**ASSIGNMENT**
Only one span of the listing below should come back. It runs from the line with "아이 이야기로 읽은 어른의 성장 철학" through the line with "Марки N-bome 1500мкг Новоалтайск", and each of its lines must be reproduced exactly.

**DATA**
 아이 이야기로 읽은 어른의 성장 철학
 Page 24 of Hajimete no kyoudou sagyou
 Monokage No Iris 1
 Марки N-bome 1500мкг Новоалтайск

==

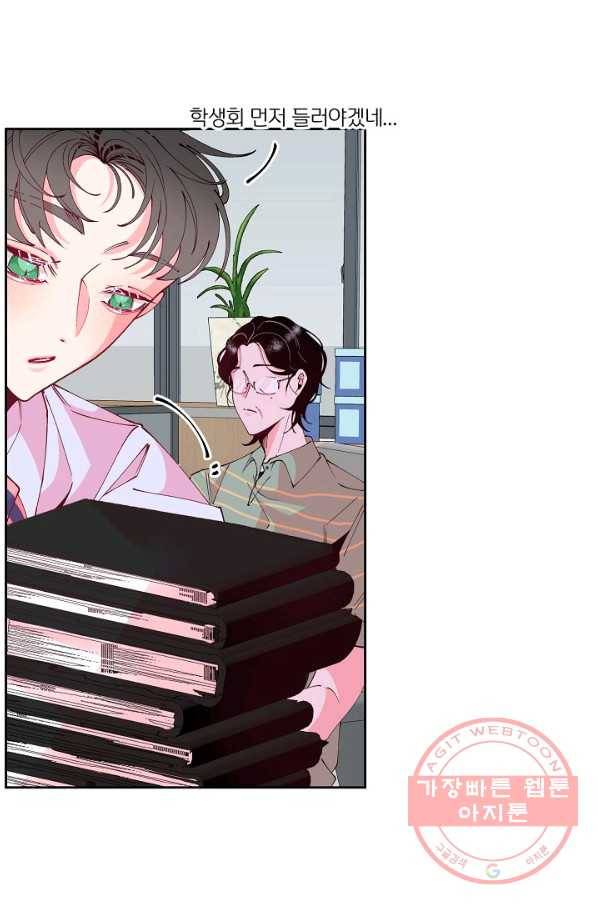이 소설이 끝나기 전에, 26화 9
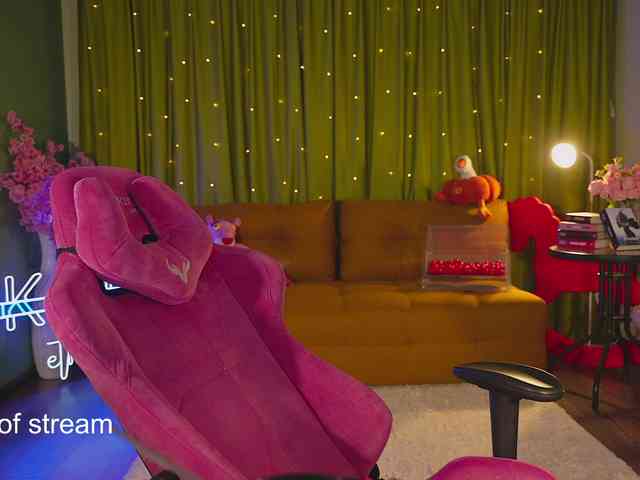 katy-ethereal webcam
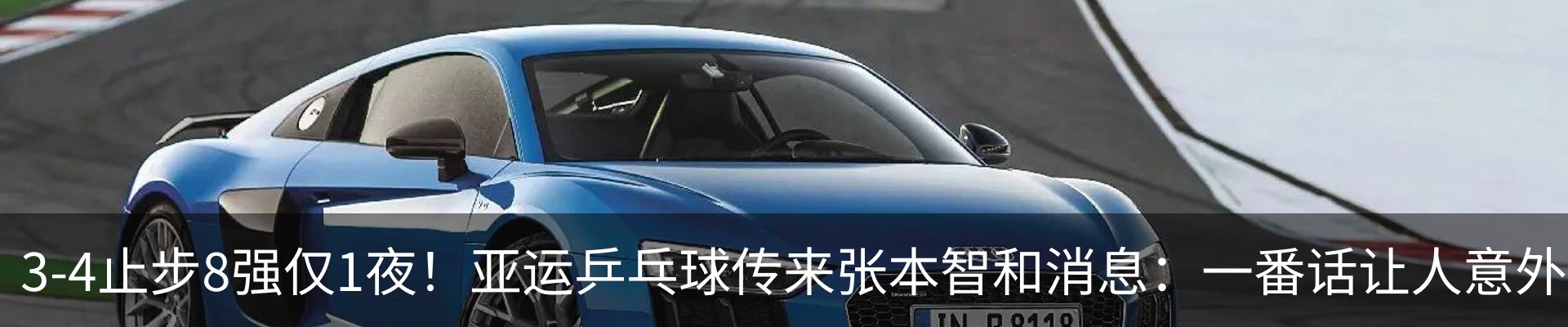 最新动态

**RESULT**
 아이 이야기로 읽은 어른의 성장 철학
 Page 24 of Hajimete no kyoudou sagyou
 Monokage No Iris 1
 Марки N-bome 1500мкг Новоалтайск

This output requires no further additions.